With all the fuss about Boulud and Viajante, the opening of The Jam Tree might have slipped under your radar. There’s no celeb chef involved and the location, just round the corner from Kensington Olympia, isn’t exactly W1. The trio that own it have connections to Aquum, Pacha, and DJ Judge Jules, so we half expected a moody lounge bar with a thumping Ibiza-style soundtrack. Thankfully, they have just given an unloved pub called The Priory a sympathetic makeover, leaving the handsome copper bar in place. There are some gastropub design standards, like the leather banquettes and mismatched antique furniture, alongside quirkier touches like the Warhol-inspired jam pot painting above the bar and the science lab bench tables.

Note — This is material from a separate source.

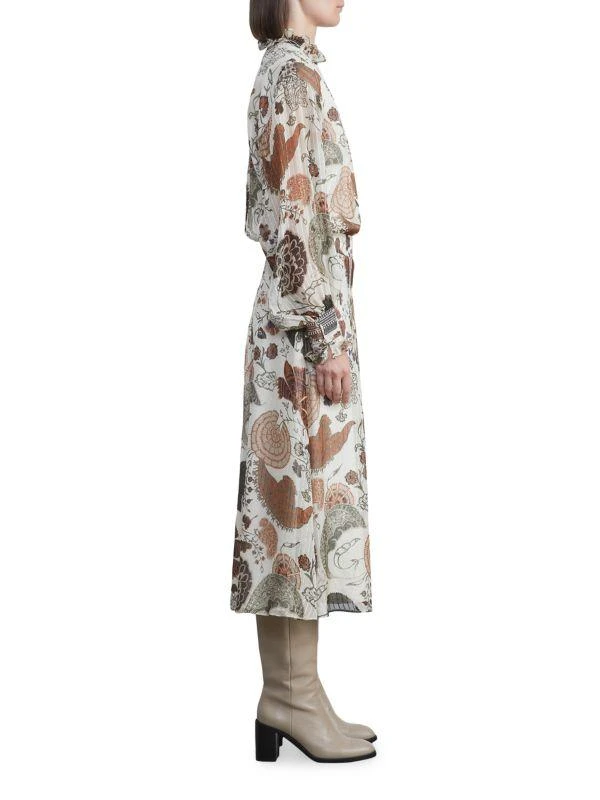 商品Lafayette 148 New York|Floral Silk Blend Midi Dress,价格¥6180,第3张图片详细描述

The menu promises ‘Great British dishes with colonial favourites from Malaysia, South Africa and India’. This could go one of two ways, we thought, and one of those ends with a Chinese on the way home. Sadly, things didn’t start well with some ‘spiced Cornish crab samosas’ that weren’t all that spicy and had no discernible crab flavour. The cucumber raita and zingy tomato and onion cachumber were nice but not enough to save the dish. Damn.

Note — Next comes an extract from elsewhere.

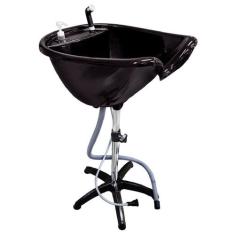 Lavatório Portátil Preto com Pé Fixo para Cabeleireiro - Santa Clara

Across the table, shards of greaseless crackling went flying and a slab of meltingly tender pork belly was declared ‘the best bit of pig I’ve eaten since Belfast’. The ‘colonial’ influence, this time from Malaysia, was lurking underneath in the form of a fiery aubergine sambal and cooling shredded cucumber. We also shared a decent slice of homemade chicken, asparagus and truffle terrine with some tiny cornichons, a perky salad topped with ultra-fresh broad beans and wild garlic flowers, and best of all, a vivid green pea puree. Chef James Browne (ex-The Settle Inn, The Well) shared the secret - butter, and plenty of it. We should have guessed.
After the globe-trotting starters, we went trad-Brit with the mains and this time I chose the winning dish. In celebration of all things Spring, plump sweet scallops were paired with crisp potato and pea croquettes, samphire and a wild garlic cream sauce. The pungent leaves, beloved of chefs and foragers, didn’t overwhelm the dish and the scallops, whilst on the small side, were perfectly caramelised on top and creamy within. My companion’s lamb rump - served simply in its own delicious pan juices - came with more seasonal goodies like Jersey Royals, broad beans and peas that had retained that freshly podded flavour.

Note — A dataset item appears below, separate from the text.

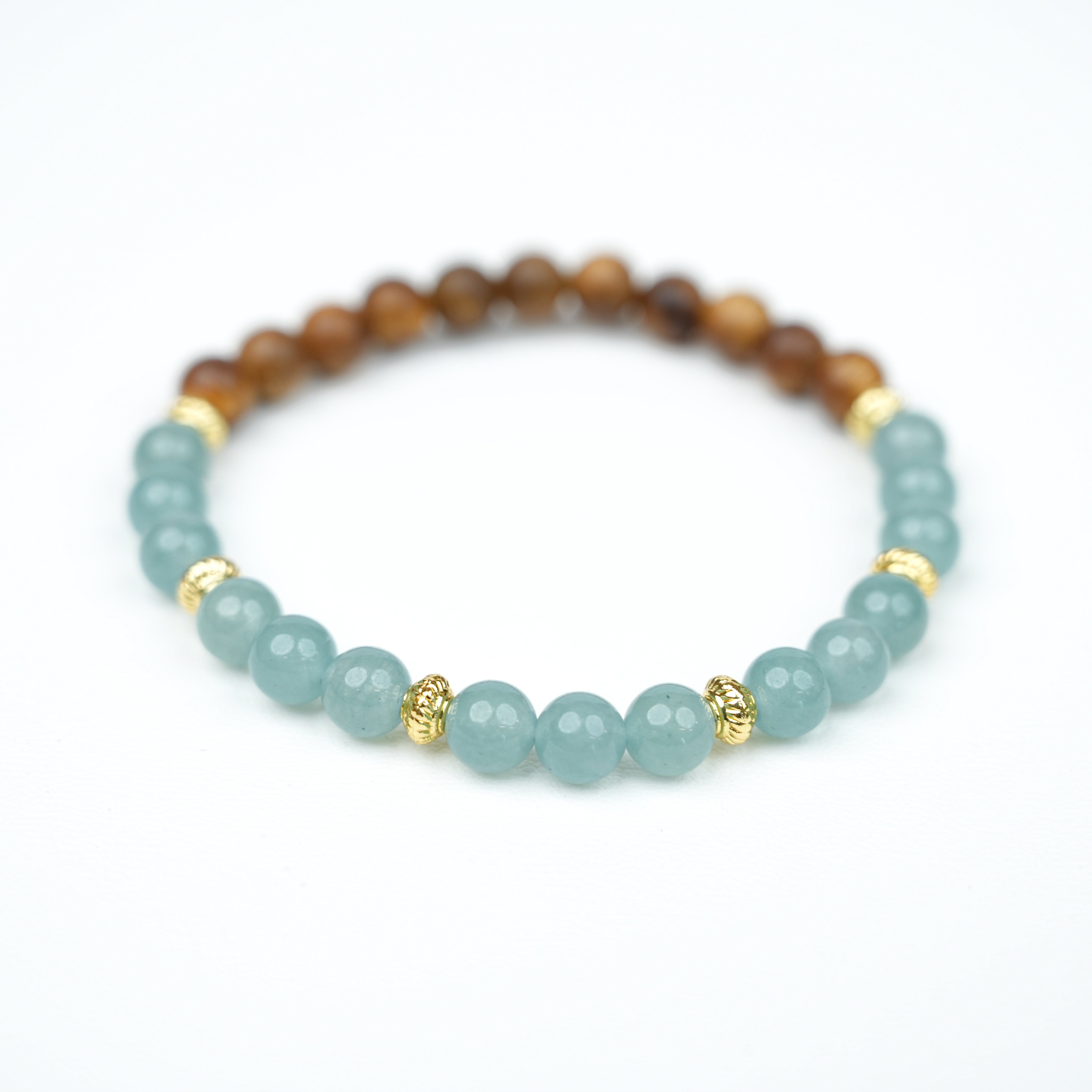 6mm Blue Water Jade Agate Agarwood Single Loop Bracelet - Zen Chinese Style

Dessert was unnecessary but not impossible, so we shared a slice of chocolate and hazelnut tart with a generous scoop of vanilla ice-cream. It was good, if not mind-blowing, and a welcome sweet note to end on.
The menu, with its colonial influences, could have been a car crash but thankfully they’ve kept things simple with just seven mains and no sign of any ill-advised ‘fusion’ dishes. There’s a steak and a burger on offer, if you really must, but there’s also a curry and a classic sea trout with caper butter. The wine list was put together by expert Tim Kitchener-Smith and lists some reasonably priced by-the-glass options. The bar is well stocked and there are a handful of tables outside if you just want to swing by for a drink, but if you visit The Jam Tree and don’t eat, you’re missing out.
The nearby Bird in Hand and Havelock Tavern will need to seriously raise their game to compete with this smart newcomer. (The former, on our visit, was dingy and needed a good clean). If you live locally, or you’re in town for an expo at Olympia, seek out The Jam Tree and give it a try. You won’t be disappointed.